MONITORAGE DE LA VOLEMIE

Benoît Tavernier
Département d'anesthésie réanimation chirurgicale 2, Hôpital Claude Huriez, CHRU de Lille

            La volémie, ou masse sanguine totale, est un des facteurs essentiels de l'équilibre hémodynamique de l'organisme. Elle représente environ 7 % du poids du corps, soit cinq litres chez l'adulte. Les artères systémiques ne contiennent que 12 à 14 % de la volémie alors que le système veineux (hors circulation pulmonaire) en contient 60 à 70 % [1]. L'intérêt de la mesure de la volémie tient au fait qu'elle est un déterminant majeur du retour veineux vers le cœur, donc du débit cardiaque, et, in fine, de la fourniture aux  tissus de l'oxygène. En pratique, le monitorage de la volémie est donc le plus souvent assimilé à celui de la précharge ventriculaire, déterminant du débit cardiaque. Cependant, volume sanguin total et retour veineux évoluent de façon dissociée sous l'influence d'autres déterminants du retour veineux. Ainsi, l'augmentation de la capacitance veineuse entraîne une hypovolémie "relative" (induction de l'anesthésie générale ou péridurale, anaphylaxie, choc septique). A l'inverse, l'hypovolémie absolue, au moins chez le patient éveillé, est accompagnée d'une vasoconstriction prédominant dans le territoire splanchnique qui vise à maintenir le retour veineux à sa valeur initiale. En pratique, plus que la valeur absolue de la volémie, ce qui intéresse habituellement le médecin face à une situation hémodynamique donnée est de savoir quelle sera la "réponse", en terme de débit cardiaque, à une intervention thérapeutique susceptible de modifier la précharge cardiaque (expansion volémique, modifications des réglages de la ventilation mécanique par exemple).

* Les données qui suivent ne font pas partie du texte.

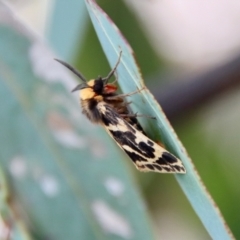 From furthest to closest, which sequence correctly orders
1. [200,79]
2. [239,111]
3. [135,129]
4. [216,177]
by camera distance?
1. [239,111]
2. [216,177]
3. [200,79]
4. [135,129]

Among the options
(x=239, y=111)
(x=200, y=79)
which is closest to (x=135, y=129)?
(x=200, y=79)

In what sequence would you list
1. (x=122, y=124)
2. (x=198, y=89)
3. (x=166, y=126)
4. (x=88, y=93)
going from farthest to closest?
(x=198, y=89) < (x=88, y=93) < (x=122, y=124) < (x=166, y=126)

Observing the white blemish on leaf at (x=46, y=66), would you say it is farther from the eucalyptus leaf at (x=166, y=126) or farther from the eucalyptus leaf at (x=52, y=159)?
the eucalyptus leaf at (x=166, y=126)

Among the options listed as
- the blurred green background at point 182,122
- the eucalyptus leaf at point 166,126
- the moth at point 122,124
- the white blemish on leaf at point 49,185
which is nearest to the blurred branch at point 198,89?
the blurred green background at point 182,122

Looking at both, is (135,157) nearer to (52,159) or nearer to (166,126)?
(52,159)

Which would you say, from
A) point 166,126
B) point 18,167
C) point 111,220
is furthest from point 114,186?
point 166,126

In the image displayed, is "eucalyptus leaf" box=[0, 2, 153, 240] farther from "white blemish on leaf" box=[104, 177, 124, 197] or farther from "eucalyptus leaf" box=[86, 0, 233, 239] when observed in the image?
"eucalyptus leaf" box=[86, 0, 233, 239]

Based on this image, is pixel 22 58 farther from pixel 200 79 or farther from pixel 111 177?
pixel 200 79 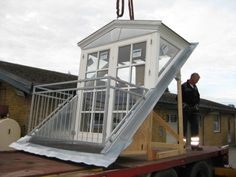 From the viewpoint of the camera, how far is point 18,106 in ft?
35.8

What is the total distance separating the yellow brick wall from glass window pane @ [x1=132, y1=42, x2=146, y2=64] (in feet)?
18.9

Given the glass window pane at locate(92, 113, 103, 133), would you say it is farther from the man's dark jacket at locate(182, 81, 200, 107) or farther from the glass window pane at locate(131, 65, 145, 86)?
the man's dark jacket at locate(182, 81, 200, 107)

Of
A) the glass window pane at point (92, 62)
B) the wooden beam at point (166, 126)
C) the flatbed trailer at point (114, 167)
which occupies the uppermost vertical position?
the glass window pane at point (92, 62)

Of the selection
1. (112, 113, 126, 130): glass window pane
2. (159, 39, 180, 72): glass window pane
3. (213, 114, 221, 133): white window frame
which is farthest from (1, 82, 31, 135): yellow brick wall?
(213, 114, 221, 133): white window frame

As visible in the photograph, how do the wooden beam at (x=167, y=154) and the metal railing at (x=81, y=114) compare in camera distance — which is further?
the metal railing at (x=81, y=114)

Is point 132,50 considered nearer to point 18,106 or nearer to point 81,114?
point 81,114

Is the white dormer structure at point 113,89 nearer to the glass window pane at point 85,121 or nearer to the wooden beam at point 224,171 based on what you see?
the glass window pane at point 85,121

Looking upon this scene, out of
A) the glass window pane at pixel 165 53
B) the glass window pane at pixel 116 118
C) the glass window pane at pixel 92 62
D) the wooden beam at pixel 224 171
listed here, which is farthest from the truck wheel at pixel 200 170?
the glass window pane at pixel 92 62

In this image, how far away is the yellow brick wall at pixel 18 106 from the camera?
10455mm

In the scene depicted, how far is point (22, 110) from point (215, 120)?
48.6 ft

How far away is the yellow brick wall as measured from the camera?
1046cm

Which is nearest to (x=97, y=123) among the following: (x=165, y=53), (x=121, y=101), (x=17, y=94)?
(x=121, y=101)

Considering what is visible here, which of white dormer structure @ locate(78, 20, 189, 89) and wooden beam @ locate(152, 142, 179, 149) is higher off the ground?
white dormer structure @ locate(78, 20, 189, 89)

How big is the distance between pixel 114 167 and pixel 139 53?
2.42m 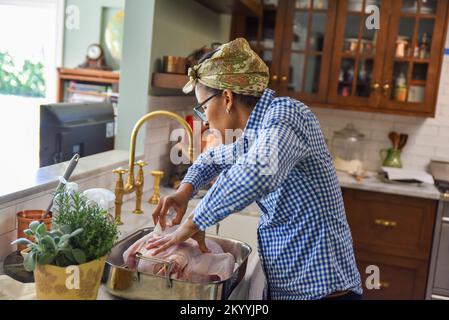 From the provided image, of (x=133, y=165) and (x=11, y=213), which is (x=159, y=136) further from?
(x=11, y=213)

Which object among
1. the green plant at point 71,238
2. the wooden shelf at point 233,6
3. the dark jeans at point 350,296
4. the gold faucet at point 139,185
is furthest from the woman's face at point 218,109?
the wooden shelf at point 233,6

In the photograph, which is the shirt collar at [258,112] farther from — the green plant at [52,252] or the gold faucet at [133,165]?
the gold faucet at [133,165]

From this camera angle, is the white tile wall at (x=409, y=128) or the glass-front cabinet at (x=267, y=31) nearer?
the glass-front cabinet at (x=267, y=31)

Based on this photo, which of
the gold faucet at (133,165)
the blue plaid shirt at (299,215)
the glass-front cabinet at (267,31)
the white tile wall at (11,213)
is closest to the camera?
the blue plaid shirt at (299,215)

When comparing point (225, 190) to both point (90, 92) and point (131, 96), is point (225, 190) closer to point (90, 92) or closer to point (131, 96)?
point (131, 96)

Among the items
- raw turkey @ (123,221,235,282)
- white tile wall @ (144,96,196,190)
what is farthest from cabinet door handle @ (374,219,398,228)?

            Les signes cliniques (dont la pression artérielle, la fréquence cardiaque, la diurèse), en dehors de situations évidentes, manquent de sensibilité comme de spécificité, que ce soit pour le diagnostic d'hypovolémie ou pour la conduite d'un traitement visant à modifier la volémie [2,3]. La prise en charge de nombreux patients en instabilité hémodynamique nécessite donc de recourir aux investigations paracliniques. Les plus classiques sont obtenus par l'exploration hémodynamique invasive. La mesure de la pression veineuse centrale (PVC) reflète la pression télédiastolique du ventricule droit (VD), la pression artérielle pulmonaire d'occlusion (PAPO) reflète la pression télédiastolique du ventricule gauche (VG). De nombreux travaux et mises au point dans la littérature ont souligné le manque de fiabilité de ces deux paramètres pour estimer correctement la précharge ventriculaire et prédire la réponse au remplissage vasculaire [4-7]. Il n'en reste pas moins que des valeurs basses sont associées à l'hypovolémie et que les valeurs augmentent en réponse au remplissage. De plus, le cathéter de Swan-Ganz, nécessaire à la mesure de la PAPO, permet aussi la mesure du débit cardiaque, paramètre que l'on cherche à modifier en intervenant sur la volémie d'un patient. De plus, la PAPO permet d'estimer le retentissement de l'interaction volémie-fonction ventriculaire gauche sur la circulation pulmonaire d'amont, et donc le risque d'œdème pulmonaire [6]. Certains cathéters artériels pulmonaires permettent de mesurer le volume télédiastolique du ventricule droit (VTDVD). Plusieurs études ont montré que le VTDVD prédisait la réponse du débit cardiaque au remplissage vasculaire mieux que la PVC et la PAPO [revue in 8]. Cependant, les résultats obtenus restent insuffisants pour utiliser de façon fiable le VTDVD dans cette indication.

            Le caractère invasif et le manque de fiabilité des mesures de pression pour l'estimation de la précharge ventriculaire, en particulier du ventricule gauche, ont amené à proposer la mesure directe des dimensions ventriculaires par échocardiographie transoesophagienne (ETO). La mesure de la surface télédiastolique du VG (STDVG) en incidence transgastrique (dite coupe "petit axe" du VG, passant par les piliers de la valve mitrale) a ainsi été proposée comme étant le "gold standard" de l'évaluation de la précharge ventriculaire gauche en clinique [9,10]. La STDVG varie très précocement lors de modifications induites de la volémie (hémorragie et remplissage) [11,12]. Cependant, en dehors des contraintes de matériel et d'opérateur qui lui sont inhérentes, plusieurs travaux récents ont montré que la valeur de la STDVG ne prédisait pas de façon fiable la réponse du débit cardiaque au remplissage vasculaire [7,13]. En effet, le volume télédiastolique "optimal" des cavités cardiaques (c'est-à-dire celui qui permettra le débit cardiaque le plus élevé à un moment donné) varie d'un patient à l'autre et d'un moment à l'autre, ne permettant pas de définir une dimension-seuil pour une population de patients [13].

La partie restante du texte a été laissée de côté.